È una delle testimonianze più toccanti tra quelle che sono venute fuori dalle assemblee che i giovani dell’ITIS Majorana di Piazza Armerina  hanno tenuto lunedì e martedì dopo la manifestazione di sabato 24 novembre. A conclusione dei due giorni hanno stilato un documento che hanno inviato alle autorità competenti e  che, spero, vogliano anche far conoscere alle loro famiglie, per dimostrare che, nonostante le apparenze, si rendono conto pienamente dei problemi che attanagliano la famiglia e la società e che  spesso si chiudono nel  guscio dell’indifferenza, della solitudine, dell’aggressività per sfuggire alla frustrazione e al disagio con cui vivono il loro presente, quel presente che una volta si presentava come l’alba di un giorno radioso e  che oggi  invece tutti ci affrettiamo a prospettare senza futuro, o meglio come un futuro incerto e povero di mezzi e di occasioni. Chiusa questa premessa preferisco far continuare a parlare loro attingendo al loro documento.

“Gli studenti dell’I.I.S. Maiorana di Piazza Armerina, a seguito dei tagli previsti dalla Legge finanziaria 2012 (Spending review) che ancora una volta penalizzano la scuola pubblica, dopo avere partecipato ad una manifestazione cittadina, che si è tenuta il 24 novembre 2012,  hanno programmato per i giorni 26 e 27 novembre una serie di assemblee a scuola, alla presenza dei docenti dell’ora, nell’ambito dell’insegnamento di Cittadinanza e Costituzione. Gli studenti maggiorenni hanno programmato una serie di attività informative rivolte agli alunni del biennio, delle terze e quarte classi del triennio, mentre gli studenti delle quinte classi si sono organizzati per approfondire gli argomenti  e poi, distribuiti nelle varie classi, hanno parlato a lungo  con gli altri alunni, specie i più piccoli,  sulle questioni relative alla situazione attuale della scuola italiana, sulle materie di studio, su argomenti liberamente proposti dagli alunni stessi. Hanno portato nelle classi documenti scaricati da Internet, libri e giornali, li hanno letti insieme e ne hanno parlato a lungo. Dalle discussioni fatte sono venute fuori tante proposte che i ragazzi hanno documentato attraverso temi, relazioni e altro. Dalla loro lettura si evincono le speranze che animano i giovani, le loro aspettative ma anche un senso di delusa frustrazione e di rassegnato pessimismo circa le possibilità che la situazioni migliori.”
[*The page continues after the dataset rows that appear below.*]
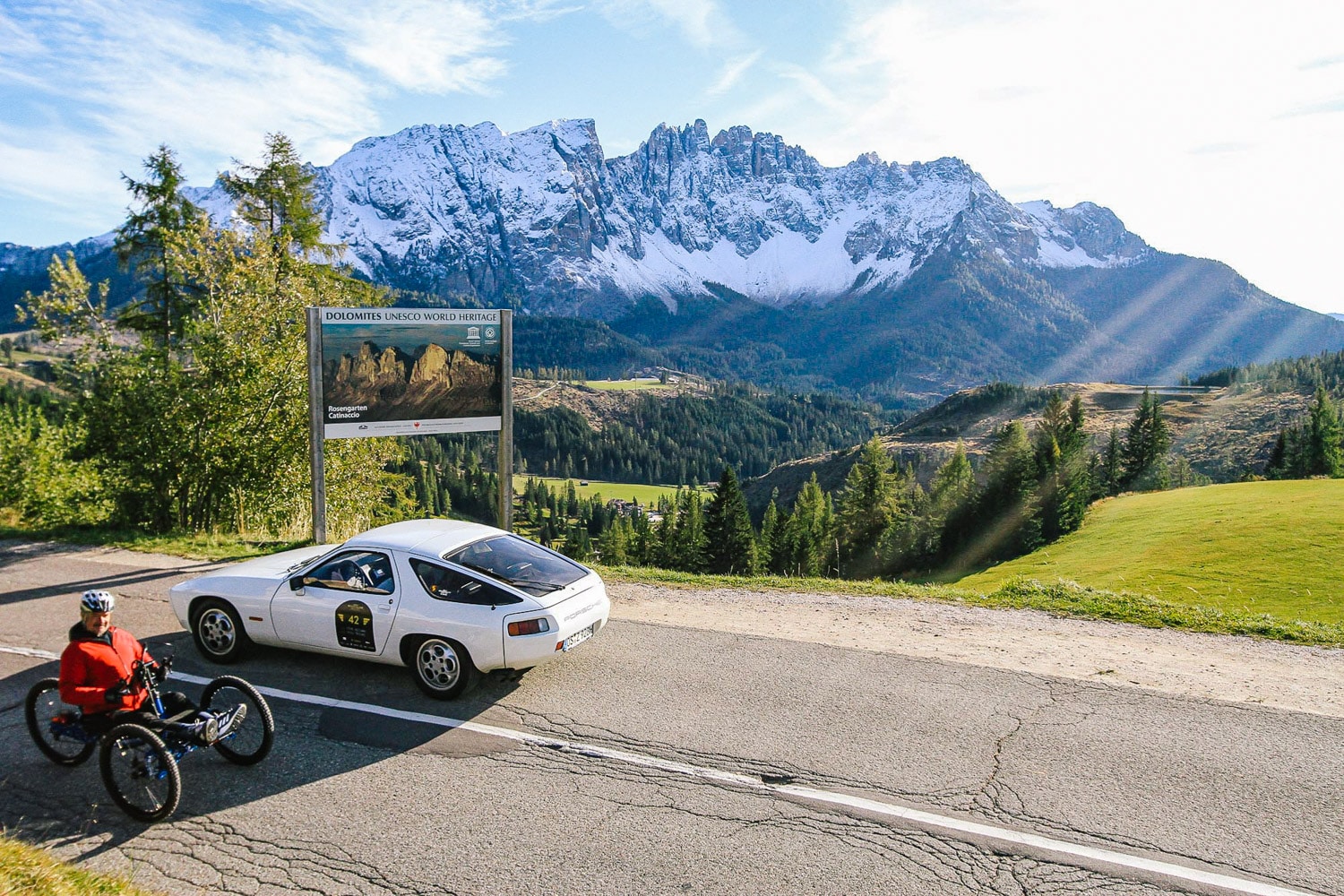 Denkwürdige Traumtage | Hotel Ganischgerhof - Dolomiten - Südtirol
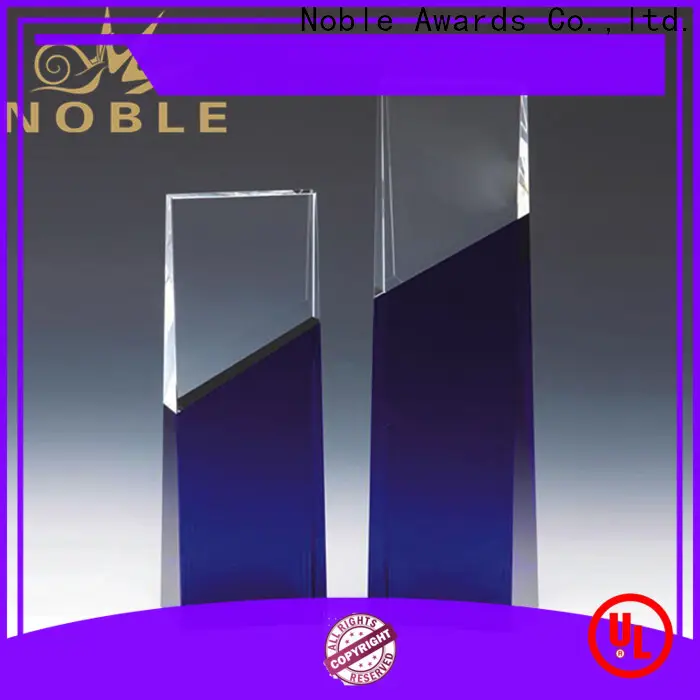 at discount small glass trophy premium glass bulk production For Awards 1
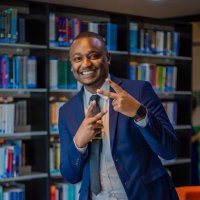 Bernard K Kuria (@rilben10) 's Twitter Profile
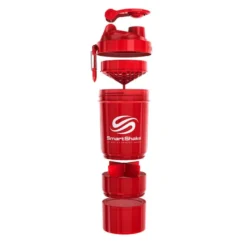 Smartshake Original2GO 600ml, Neon Blue (New)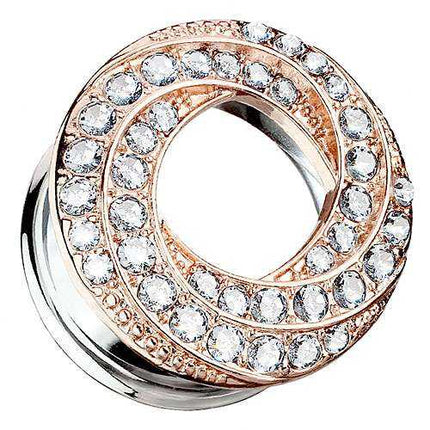PS163 - 6mm | Rosegold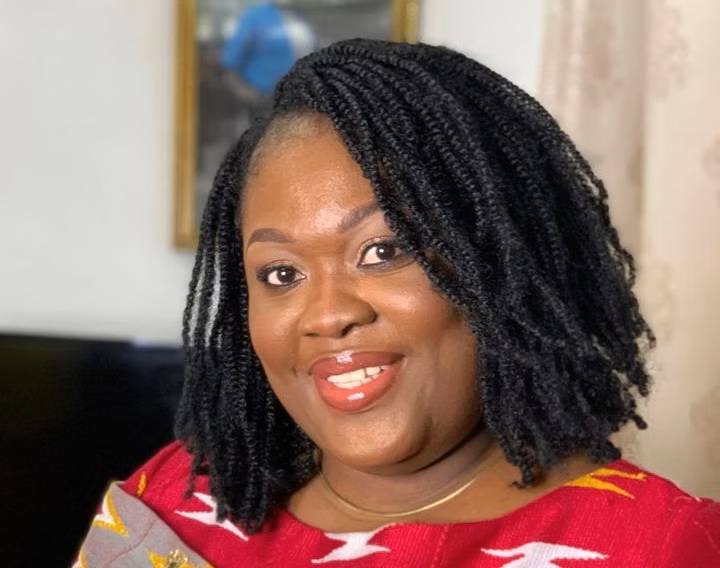 Former Deputy A-G honoured with Rising Star in Law Award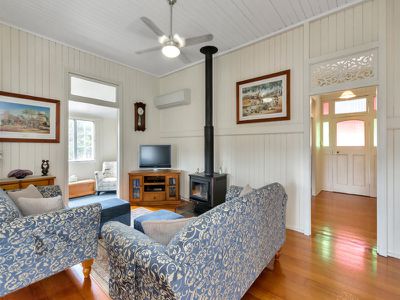 68 Woodend Road, Woodend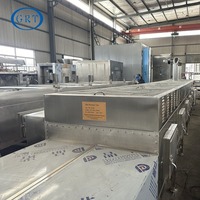 Kwaliteitsborging Mesh Belt Droogmachine Mini Dehydrator - Voedseldroger Mesh Belt Kardemom/tomaat/rode dadels Droogmachine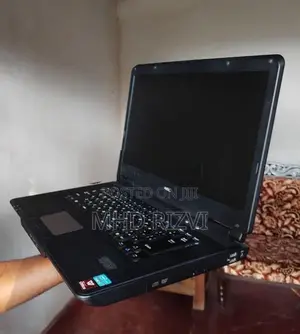 NEC Versapro 16" Laptop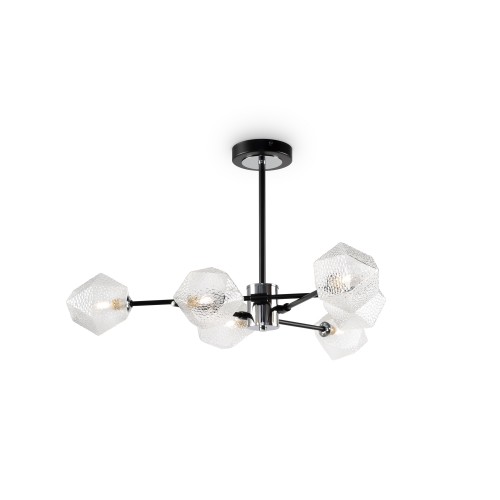 Люстра Freya FR5328CL-06B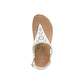 Aetrex - Women's Evelyn Thong Sandal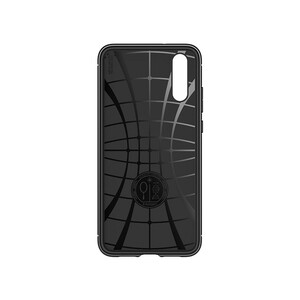 محافظ ژله ای اسپیگن هواوی Spigen Rugged Armor Case Huawei P20
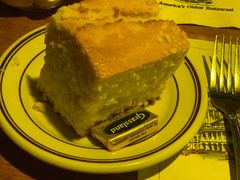 餐前面包-Union Oyster House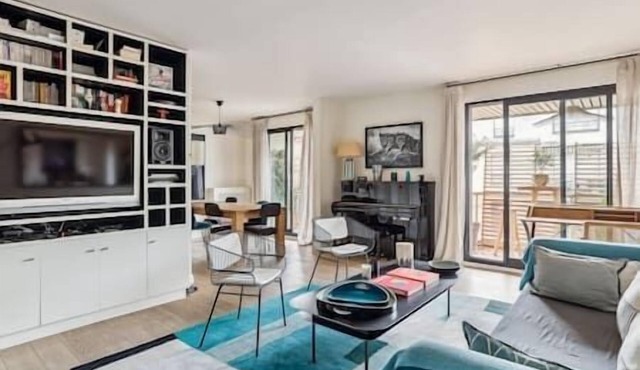 Appartement Familial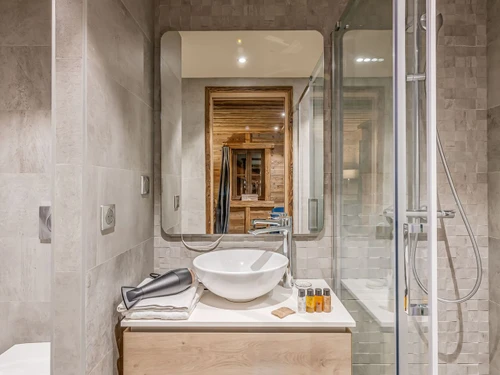 Chalet Tignes, 6 bedrooms, 14 persons - photo_1011655226079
Quali sono le speranze e le richieste che avanzano questi ragazzi? Non sogni e utopie ma solo rassicurazioni sulla possibilità di vivere una vita serena e non all’insegna della precarietà. “Scrive Simone: Una scuola adeguata, senza buchi nelle pareti e bagni nuovi, come ho visto nella scuola di mio cugino in Germania. Una buona preparazione, molte ore a scuola e molte attività. La mensa scolastica, trasporti gratuiti e anche libri gratuiti. Un buon lavoro o andare nell’università che più é adatta a me, senza fare vendere la casa ai miei genitori (tutti e due insegnanti-pendolari). Una famiglia, in futuro, e tanta tranquillità-.  E Angelo: Io non voglio diventare ricchissimo, voglio studiare e diventare bravo e avere un buon lavoro e un buon futuro”.

C’è rabbia contro i politici che “ora che stiamo tutti peggio di prima, non tagliano nulla ai loro stipendi e alle loro pensioni”; c’è rabbia contro il ministro “”che ci scrive le lettere ma non va in giro per le scuole d’Italia a vedere come siamo combinati”; c’è rabbia contro i corrotti “ che stanno lì a rubare, come gli avvoltoi, ad un popolo allo stremo delle sue forze”.

Faticano gli insegnanti, che nelle classi sono presenti a supportare nelle spiegazioni gli alunni più grandi, a volgere in positivo le amare riflessioni dei ragazzi, a tentare di spiegare che”è vero che siamo in difficoltà, ma che la crisi è destinata a passare, che si tratta di una crisi ciclica ma che devono avere fiducia nel futuro, anzi che loro stessi sono il futuro e che loro, da insegnanti e genitori, faranno di tutto per aiutarli a superare questo momento”. “In una seconda classe un alunno interrompe il compagno di quinta impegnato a leggere i dettagli della Legge finanziaria, alza la mano alla parola futuro, ha gli occhi un po’ lucidi, ma con voce chiara  dice: “Io la settimana prossima non vengo più a scuola, partiamo per la Svezia, dove abbiamo dei parenti, per cercare lavoro per i miei genitori. Lo so, dobbiamo lottare per il futuro, intanto il mio presente non sarà più nella mia terra”.